Exercise requirements: The answer must consist solely of the lines below starting at the one containing "adidas samba og marron gold metallic" and ending at the one containing "Dr Teal's Exfoliate", repeated exactly, with both ends included and all pictures omitted.

Data extract:
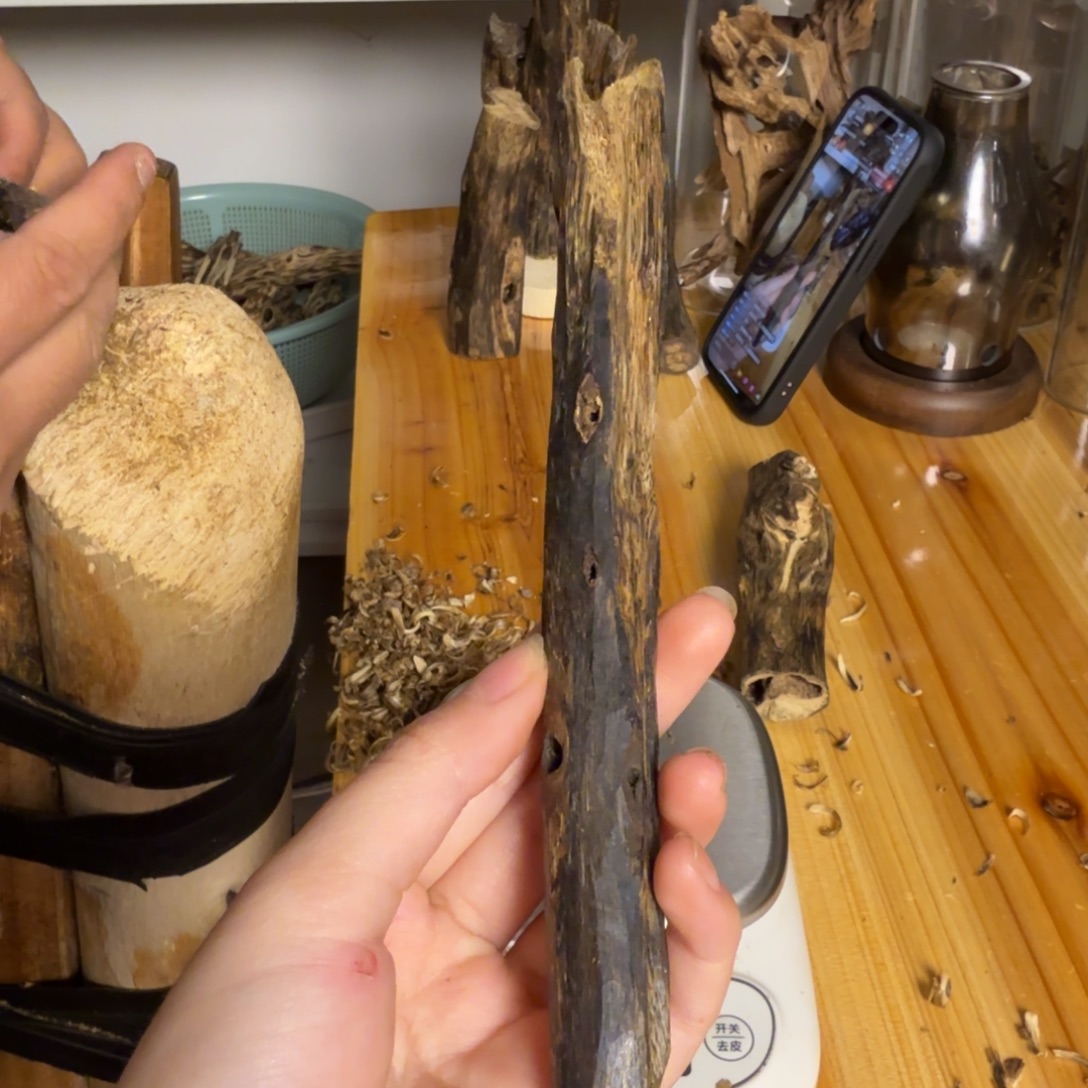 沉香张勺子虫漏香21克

--

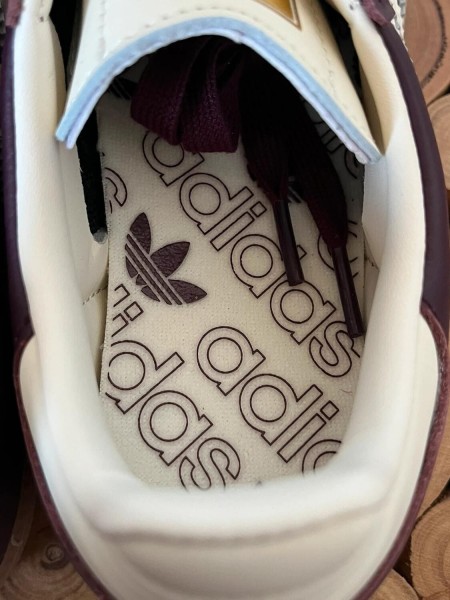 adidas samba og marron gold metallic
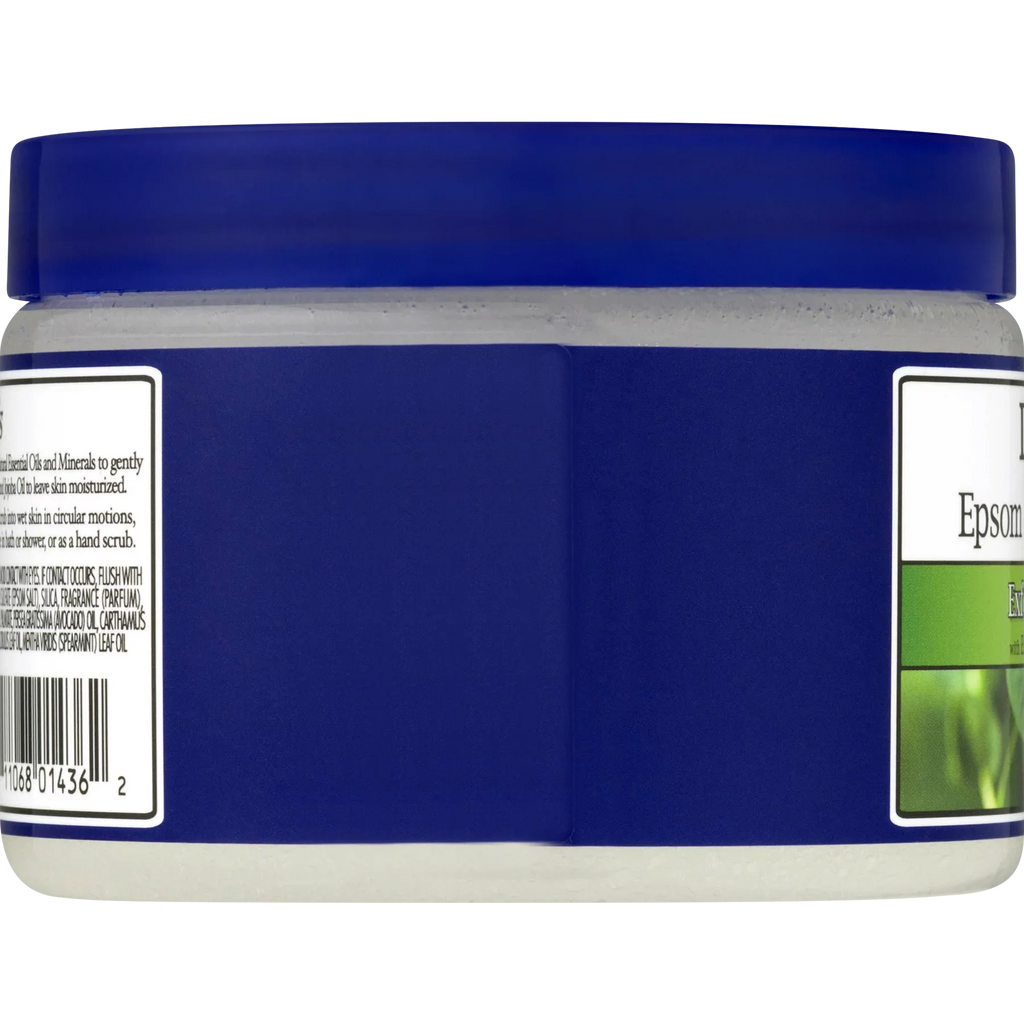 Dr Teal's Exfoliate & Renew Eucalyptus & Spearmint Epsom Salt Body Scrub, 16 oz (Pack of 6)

Reply to the task:
 adidas samba og marron gold metallic
 Dr Teal's Exfoliate & Renew Eucalyptus & Spearmint Epsom Salt Body Scrub, 16 oz (Pack of 6)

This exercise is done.